Why did it happen? Candydragoncrushville happened, and the thought that a great game was made from a mix of skill, fun, experience, crushed arcade cabinets, luck in unknown quantities, with a dash of indefinable something thrown in, was replaced with a belief in the science and application of data and analysis.

Companies like King and GungHo had sucked up all game data, analysed human thoughts by plugging them into brain machines and worked out a formula for predicting what you like and don’t like, the precise moment you’re going to like or not like it and when you’re going to buy stuff (whether you like it or not).

Image copyright of ShardsOfBlue 

Above: Are games like GungHo’s Puzzle & Dragon’s following a solely scientific route to success?

Success that was previously considered luck now felt calculable. That’s seductive. Like being told there’s a way to predict the winner of the next horserace, or every horserace, if you could only get your hands on the formula or Gray’s 1950-2000 Sports Almanac.

Image copyright of Pedro Vezini

Above: Back To The Future’s guarantee of success

Everyone wants to believe that success is predictable and so for a period the promise of the new science becomes the most important thing. And novice practitioners, with an unerring confidence in something so new become the most important voice in the room.

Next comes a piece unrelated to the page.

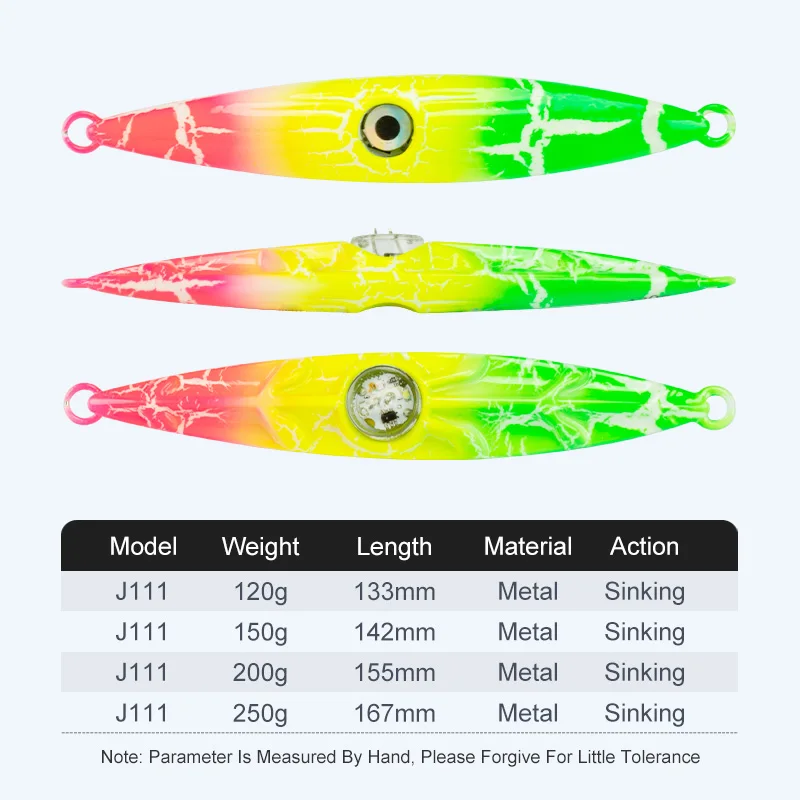 TEASER-señuelo de pesca J111, luz de ojo de pez integrada, lámpara de Metal duro, de 120g Jigbait, 150g, 200g, 250g - imagen 4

However, the new practitioners have a caveat and it’s similar to caveats in advertising. Despite all the data and analytics, statistical folk end their presentations by explaining that, “of course, the creative has to be great”. Similarly, great game projections will only be met “if the game is great”.

They’re not saying the science stands up on it’s own, like the Ad Contrarian they’re saying that successful games need the art and the science to work. But at the wish for it to be predictable, and the want for formulaic success can often mean that the art is often given too little weight in the balance.

The Ad Contrarian’s conclusion is that, unlike other sciences, advertising’s science hasn’t really made advertising better or more effective.

I agree, but that’s not to say that the thinking and science hasn’t improved, it just doesn’t necessarily make it more effective in what are competitive environments. It’s formulaic nature means it can be learned, copied and cloned and everyone gets better and no one gets ahead.

So all things being equal, is the differentiator the unquantifiable, unpredictable magic that comes from the ‘art’ bit? And if that is true, is the art of advertising and games the most important factor?